Installing BeautifulSoup
BeautifulSoup works with a parser to convert HTML into a navigable tree. You will need the library itself and a parser:
pip install beautifulsoup4 lxml
The lxml parser is faster and more forgiving than Python’s built-in html.parser. It handles malformed HTML more gracefully.
Parsing Your First Page
Start by fetching a webpage and parsing it with BeautifulSoup:
from bs4 import BeautifulSoup
import requests
response = requests.get("https://example.com")
soup = BeautifulSoup(response.text, "lxml")
print(soup.title) # <title>Example Domain</title>
print(soup.title.text) # Example Domain
The BeautifulSoup object represents the parsed document. You can now search and navigate the tree.
Finding Elements
BeautifulSoup provides several methods to locate elements:
find() and find_all()
The most common methods search by tag name:
# Find the first matching element
first_paragraph = soup.find("p")
print(first_paragraph.text)
# Find all matching elements
all_paragraphs = soup.find_all("p")
for p in all_paragraphs:
print(p.text)
Searching by Class, ID, and Attributes
Refine your searches with CSS selectors passed as keyword arguments:
# By class (note: class is a Python keyword, use class_=)
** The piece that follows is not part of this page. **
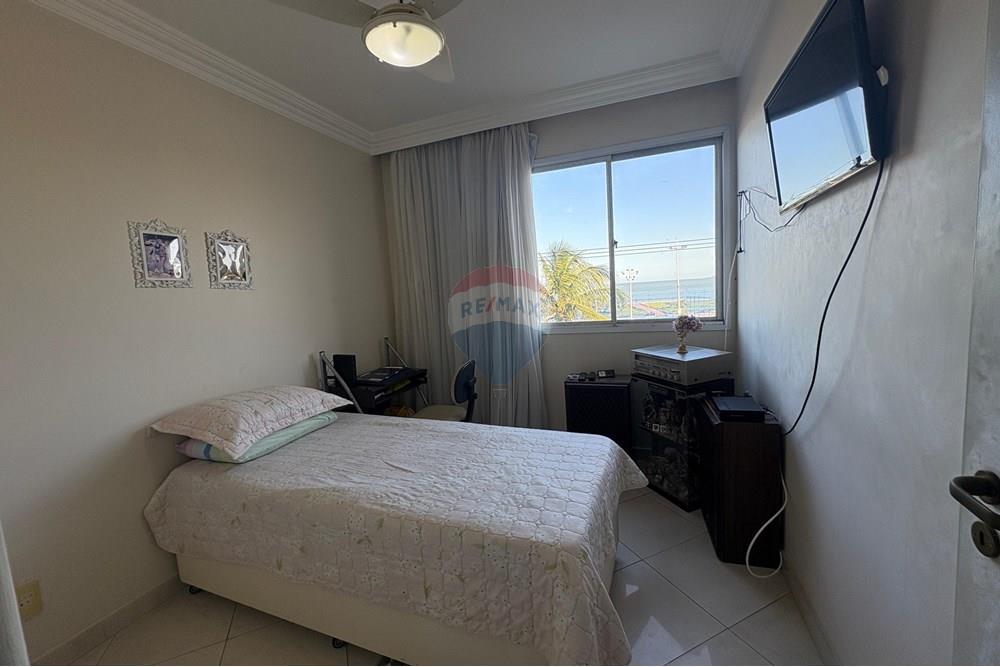 Apartamento - Venda - Vitória , Espírito Santo - IMG-20250521-WA0544.jpg - 620121053-31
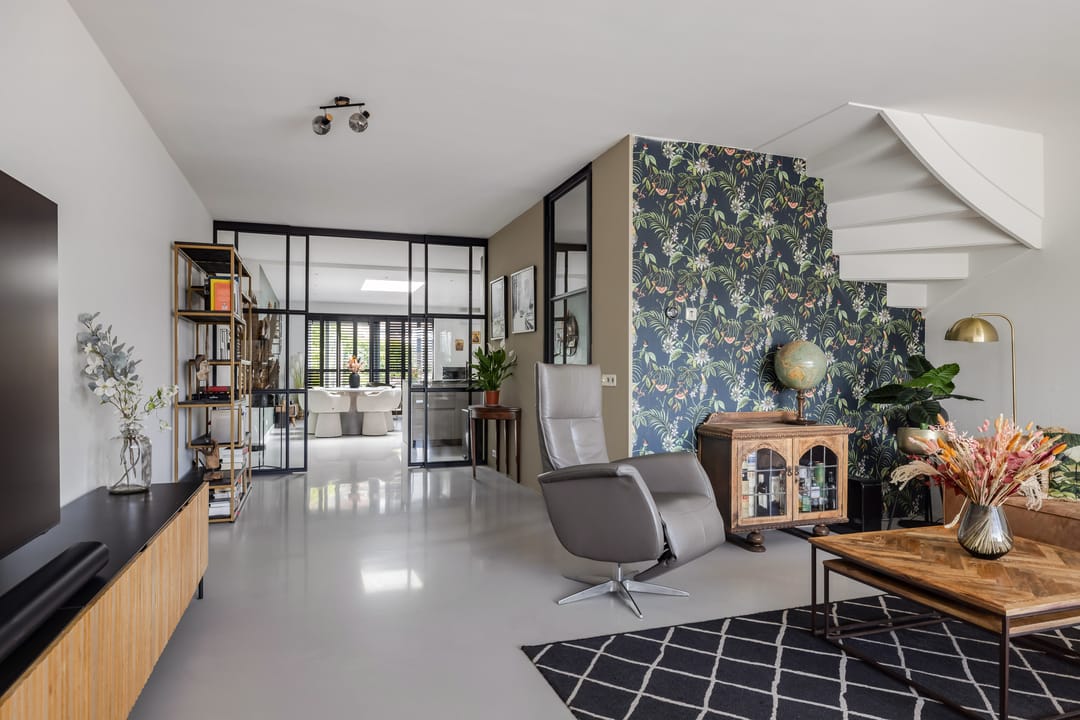 Foto 2 van Ytsjesân 102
content = soup.find("div", class_="content")
# By ID
header = soup.find("header", id="main-header")
# By any attribute
links = soup.find_all("a", href=True) # All <a> tags with href
Using CSS Selectors
For complex selections, use the select() method with CSS selectors:
# Select all paragraphs inside .article-content
articles = soup.select(".article-content p")
# Select nested elements
nav_links = soup.select("nav ul li a")
# Select by attribute
email = soup.select_one('a[href^="mailto:"]')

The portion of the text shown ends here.